The ArCo, GVP and DBpedia, Linking Initiative (AGDLI), is a research activity part of the project "SMARTOUR: intelligent platforms for tourism", funded by the Italian Ministry of University and Research. Our initiative is aimed at linking ArCo’s cultural entities to the well known Getty Vocabulary Program and DBpedia ontologies, with the main goal of providing a semantically rich representation of the Italian cultural heritage for tourism-related knowledge-based applications.

resource page

Multiple Knowledge GraphDB (MKGDB)

MKGDB is a large-scale graph database created as a combination of multiple taxonomy backbones extracted from 5 existing knowledge graphs, namely: ConceptNet, DBpedia, WebIsAGraph, WordNet and the Wikipedia category hierarchy.
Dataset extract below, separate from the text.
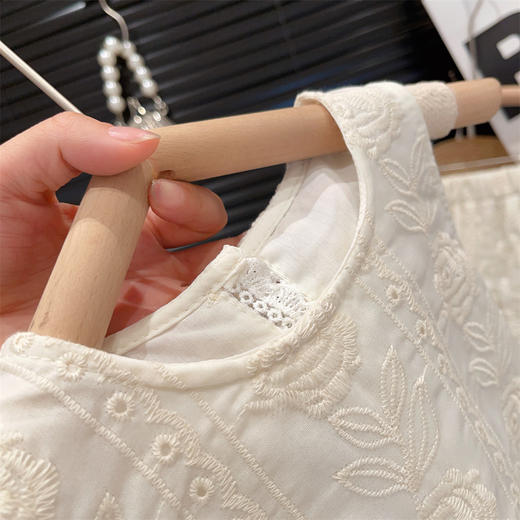 【6款！】柠里童装女童洋气网红夏季新款套装儿童夏装镂空蕾丝背心短裤套装 商品图2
MKGDB, thanks the versatility of the Neo4j graph database manager technology, is intended to favour and help the development of open-domain natural language processing applications relying on knowledge bases, such as information extraction, hypernymy discovery, topic clustering, and others. Our resource consists of a large hypernymy graph which counts more than 37 millions nodes and more than 81 millions hypernymy relations.

resource page

WebIsAGraph

WebIsAGraph is a very large hypernymy graph compiled from a dataset of is-a relationships extracted from the CommonCrawl. We provide the resource together with a Neo4j plugin to enable efficient searching and querying over such large graph.

resource page

Wiki-MID

Wiki-MID is a LOD compliant multi-domain interests dataset to train and test Recommender Systems. Our English dataset includes an average of 90 multi-domain preferences per user on music, books, movies, celebrities, sport, politics and much more, for about half million Twitter users traced during six months in 2017. Preferences are either extracted from messages of users who use Spotify, Goodreads and other similar content sharing platforms, or induced from their "topical" friends, i.e., followees representing an interest rather than a social relation between peers. In addition, preferred items are matched with Wikipedia articles describing them. This unique feature of our dataset provides a mean to categorize preferred items, exploiting available semantic resources linked to Wikipedia such as the Wikipedia Category Graph, DBpedia, BabelNet and others.